**Description of the task:**
Only one part of the listing is needed: the lines from the one with "The front of" through the last line, copied exactly and free of pictures.

**Dataset records:**
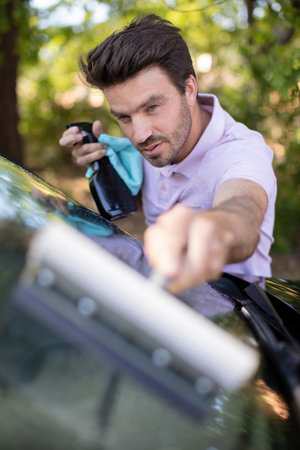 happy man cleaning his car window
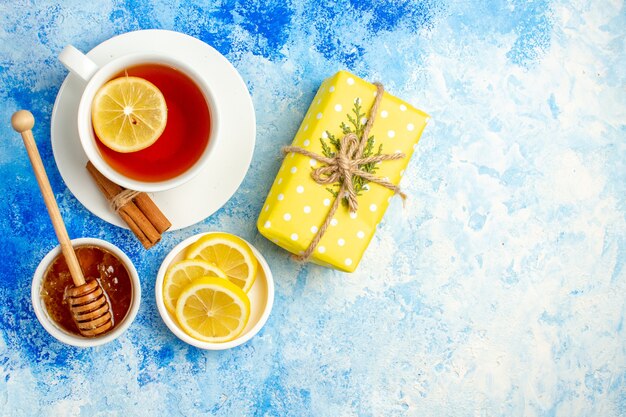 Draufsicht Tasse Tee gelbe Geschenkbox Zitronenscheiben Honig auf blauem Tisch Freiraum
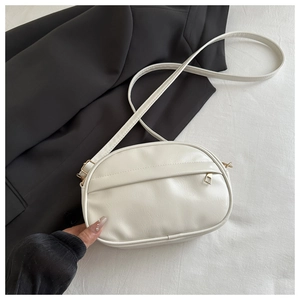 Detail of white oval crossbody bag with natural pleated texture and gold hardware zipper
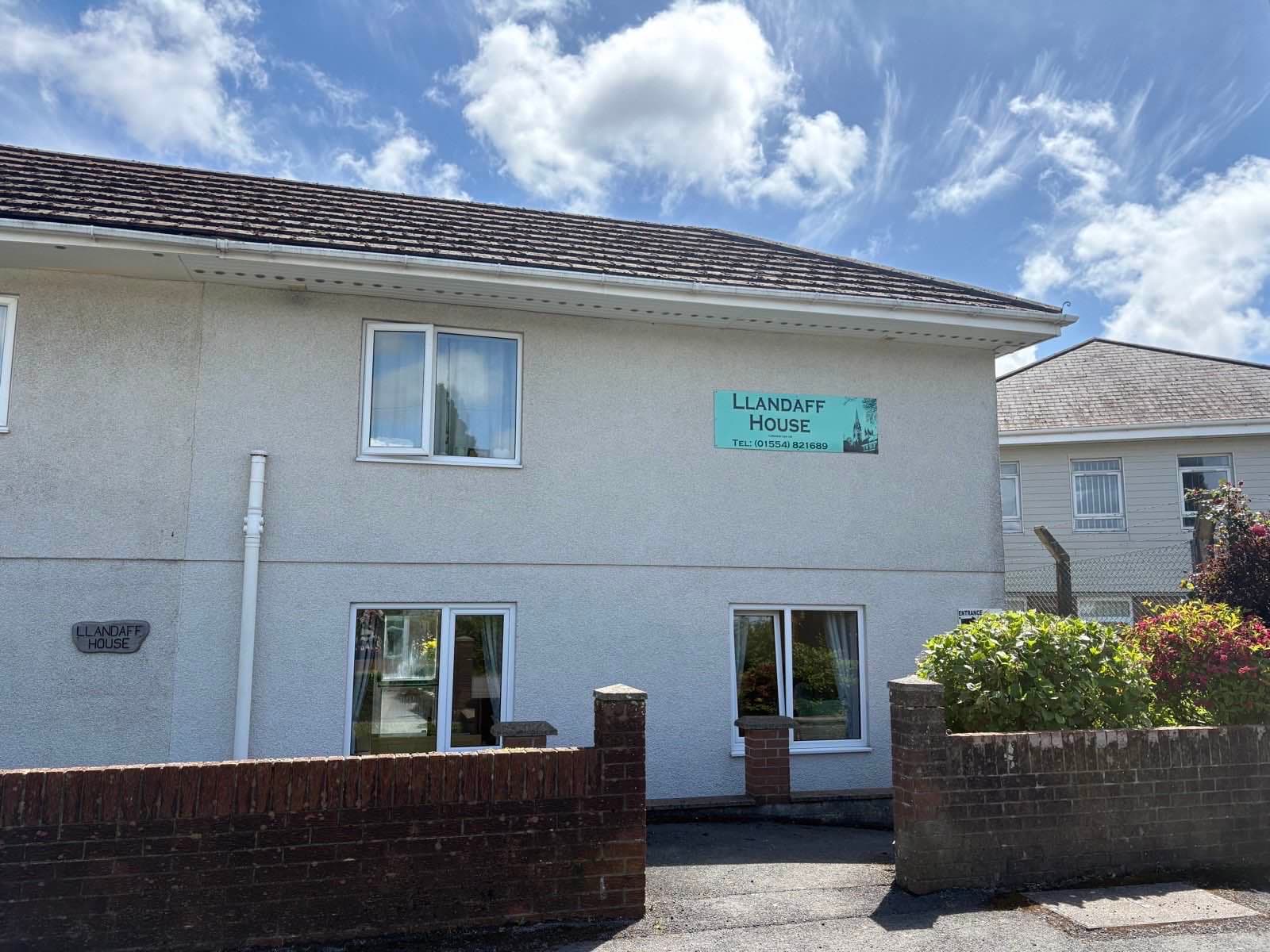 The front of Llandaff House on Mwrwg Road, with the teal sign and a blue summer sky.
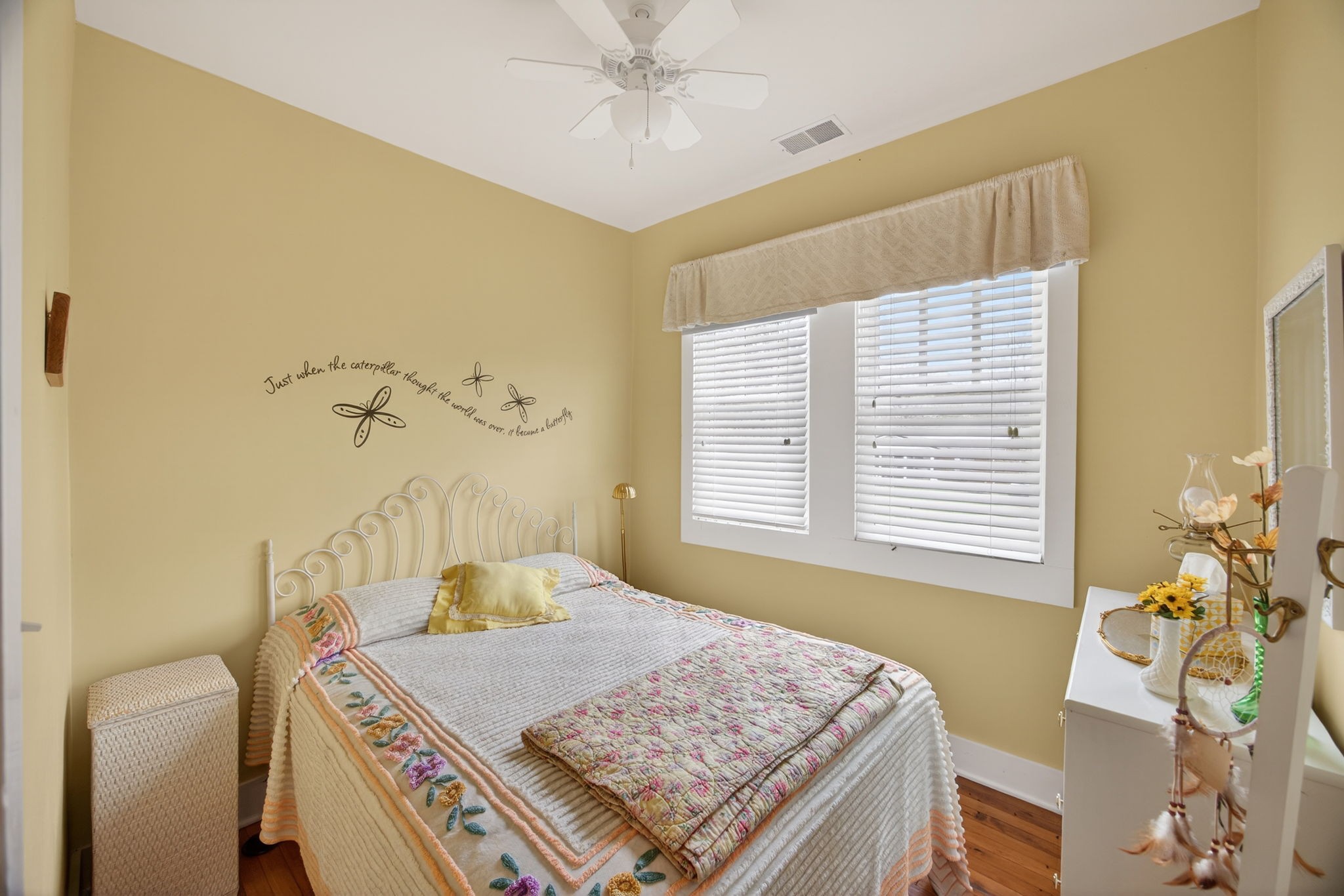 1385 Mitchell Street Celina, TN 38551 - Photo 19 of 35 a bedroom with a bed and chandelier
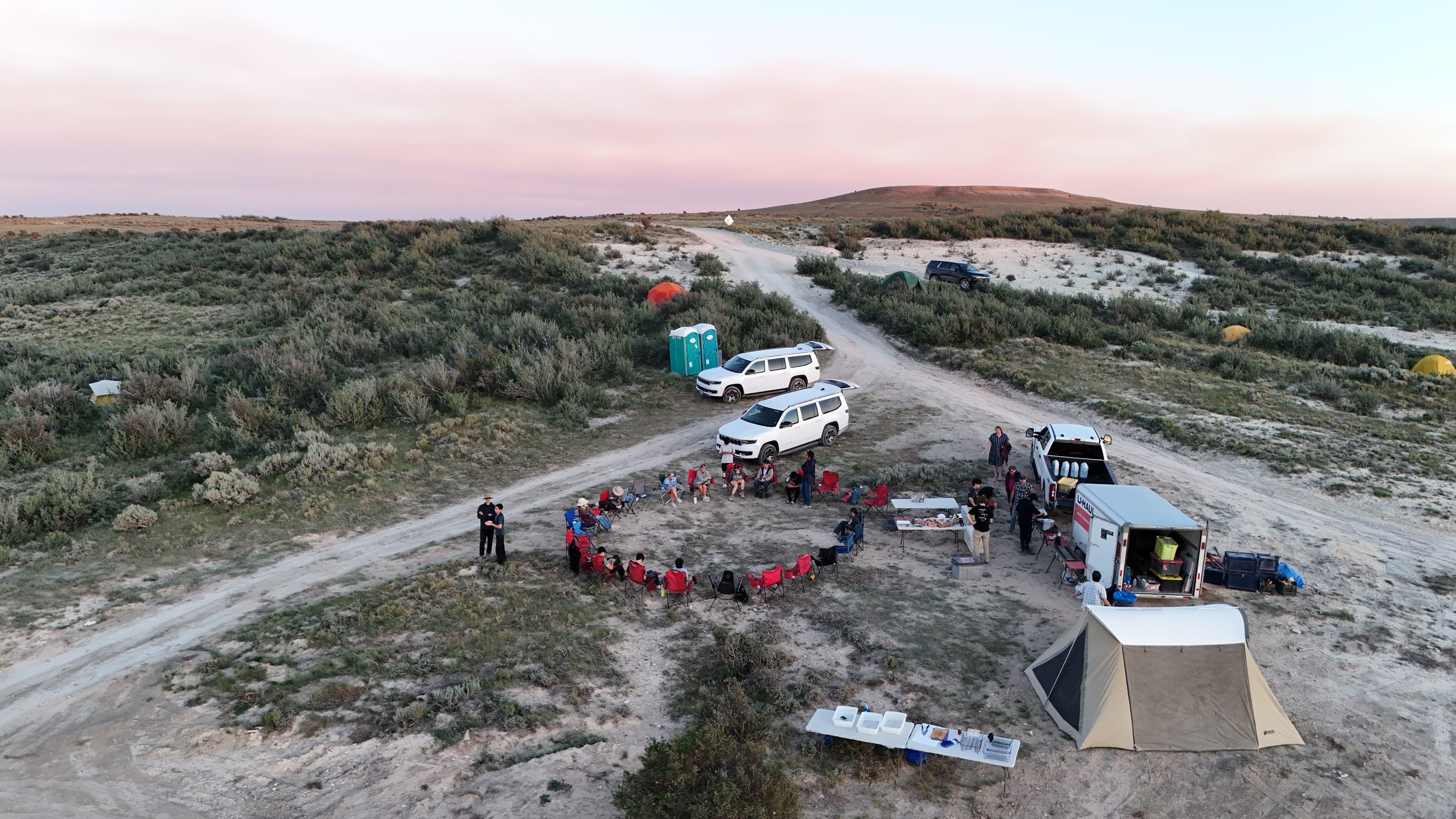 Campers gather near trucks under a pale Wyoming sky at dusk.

**Written solution:**
 The front of Llandaff House on Mwrwg Road, with the teal sign and a blue summer sky.
 1385 Mitchell Street Celina, TN 38551 - Photo 19 of 35 a bedroom with a bed and chandelier
 Campers gather near trucks under a pale Wyoming sky at dusk.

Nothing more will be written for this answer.